◆ YOUR INSTRUCTIONS:
In the material below, find the line containing "5 reasons why" and the line containing "Into the deep", then reproduce exactly both of them and every line between, and nothing else.

◆ DATA:
---+---
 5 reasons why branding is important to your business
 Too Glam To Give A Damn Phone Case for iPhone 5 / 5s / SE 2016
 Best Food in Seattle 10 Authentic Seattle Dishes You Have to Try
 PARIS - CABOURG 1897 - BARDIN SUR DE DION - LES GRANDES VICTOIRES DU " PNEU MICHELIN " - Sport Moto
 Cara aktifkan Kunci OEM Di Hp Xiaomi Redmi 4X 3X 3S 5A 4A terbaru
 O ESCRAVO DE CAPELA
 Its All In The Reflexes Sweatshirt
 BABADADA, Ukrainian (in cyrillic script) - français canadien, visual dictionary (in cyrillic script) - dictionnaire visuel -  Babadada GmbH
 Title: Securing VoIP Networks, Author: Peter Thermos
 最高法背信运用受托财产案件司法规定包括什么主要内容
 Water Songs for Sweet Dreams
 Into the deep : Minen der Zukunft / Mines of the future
---+---
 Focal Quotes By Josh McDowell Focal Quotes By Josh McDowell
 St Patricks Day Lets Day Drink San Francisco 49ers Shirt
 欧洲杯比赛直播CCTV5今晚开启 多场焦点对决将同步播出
---+---
◆ RESULT FOR THIS EXERCISE:
 5 reasons why branding is important to your business
 Too Glam To Give A Damn Phone Case for iPhone 5 / 5s / SE 2016
 Best Food in Seattle 10 Authentic Seattle Dishes You Have to Try
 PARIS - CABOURG 1897 - BARDIN SUR DE DION - LES GRANDES VICTOIRES DU " PNEU MICHELIN " - Sport Moto
 Cara aktifkan Kunci OEM Di Hp Xiaomi Redmi 4X 3X 3S 5A 4A terbaru
 O ESCRAVO DE CAPELA
 Its All In The Reflexes Sweatshirt
 BABADADA, Ukrainian (in cyrillic script) - français canadien, visual dictionary (in cyrillic script) - dictionnaire visuel -  Babadada GmbH
 Title: Securing VoIP Networks, Author: Peter Thermos
 最高法背信运用受托财产案件司法规定包括什么主要内容
 Water Songs for Sweet Dreams
 Into the deep : Minen der Zukunft / Mines of the future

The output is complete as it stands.